04 abril 2012

Cristianismo y laicidad


Martin Rhonheimer se explica como un libro, y le entenderá mal quien quiera entenderle mal; pero he de reconocer que a veces me saca de quicio: esa entronización de la democracia liberal como el no va más de las realizaciones humanas en política, junto al empeño de disuadirnos de deslegitimar cualquier decisión tomada de acuerdo a las reglas del juego democrático, nos da en el rostro a quienes, por las circunstancias históricas españolas, hemos conocido a tantos beatos de la democracia, a tanto personajillo que se adornaba con esas flores como si se tratase de un expediente de limpieza de sangre, mientras personalmente no le llegaba a los tobillos a cualquiera de los ministros de la dictadura.
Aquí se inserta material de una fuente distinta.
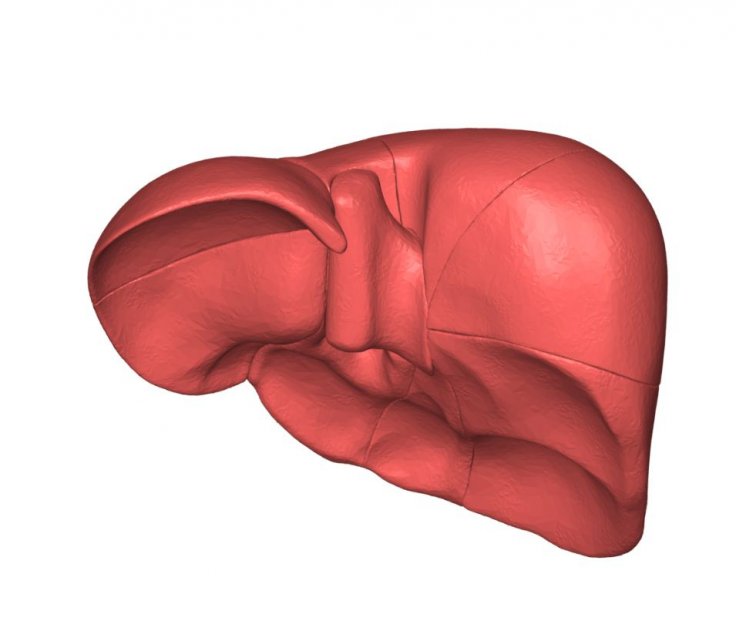 Liver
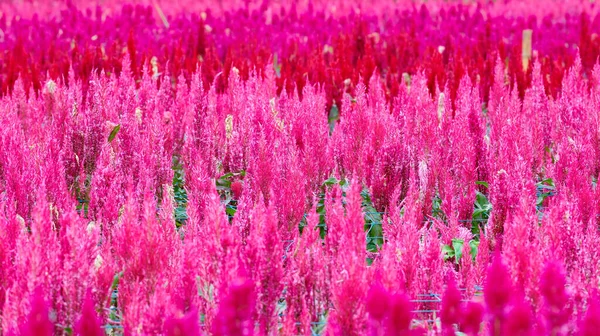 Hermoso Fondo Flores Rosadas Astilbe Barba Cabra Falsa —  Fotos de Stock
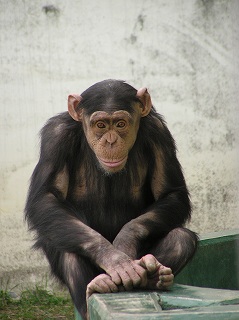 写真：座っているチンパンジーのポリー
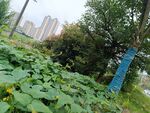 城市中绿意盎然的荷塘景色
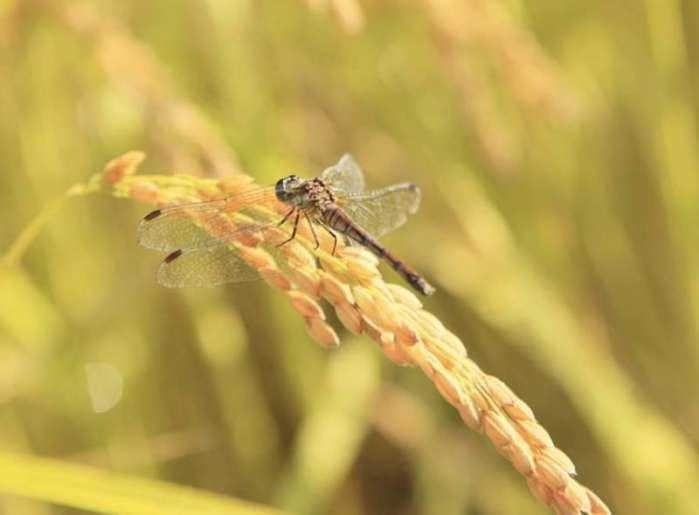 二十四节气处暑已至秋意渐浓,节气之歌二十四节气处暑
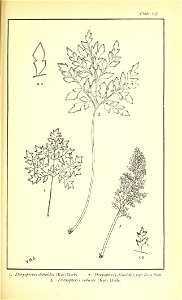 n608_w1150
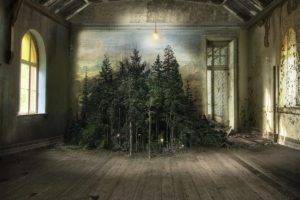 Suzanne Moxhay, Nature, Trees, Forest, Branch, Photo manipulation, Artwork, Pine trees, Interior, Abandoned, Wooden surface, Planks, Window, Lights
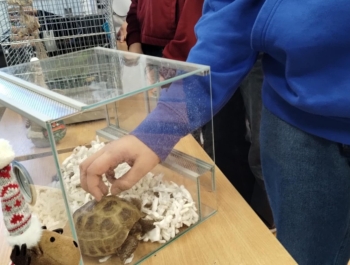 „Dzień Pupila” - zdjęcie8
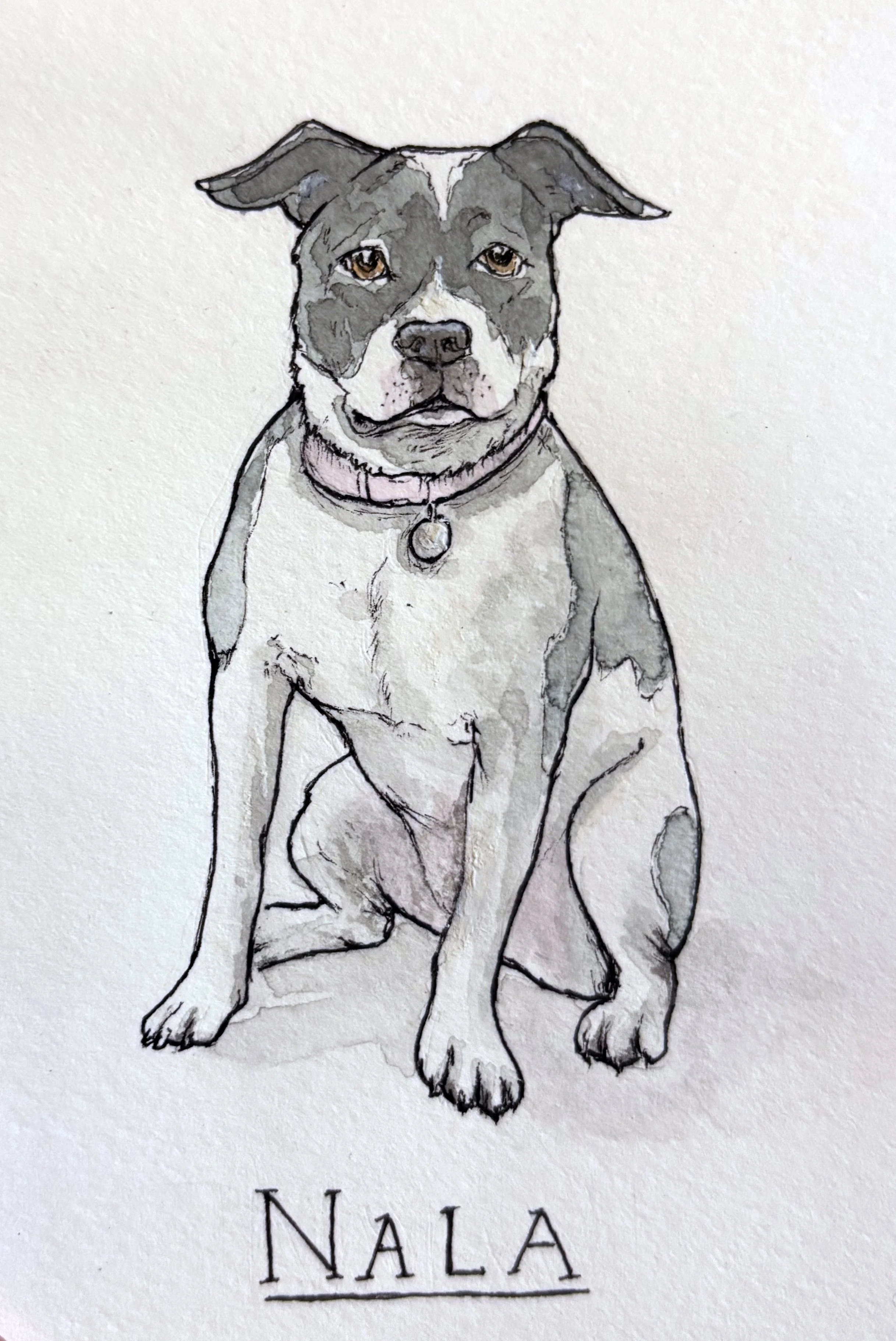 nala.jpeg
De hecho, una lectura superficial podría llevar a pensar que Rhonheimer considera la democracia como un apriori que se antepone a la propia Revelación. Eso no demostraría más, sin embargo, que la profundidad con que ha arraigado en nosotros la confusión entre el orden espiritual y el temporal, entre moral y política. Sí, la democracia sería un apriori, como lo es un buen campo para que florezca lo que queremos sembrar. Es el mejor de los sistemas (interpreto a Rhonheimer) porque no es más que un espacio de libertades, donde todos se la juegan con los puños desnudos, sin apoyo institucional, donde los fieles cristianos actúan con plena responsabilidad, con las mismas armas que sus rivales. Algo así como cuando los héroes de mi niñez arrojaban las armas para luchar cuerpo a cuerpo con el malo (o, viceversa, despojaban a este de las suyas -¿pongamos el estado laicista?-: "ahora estamos igualados").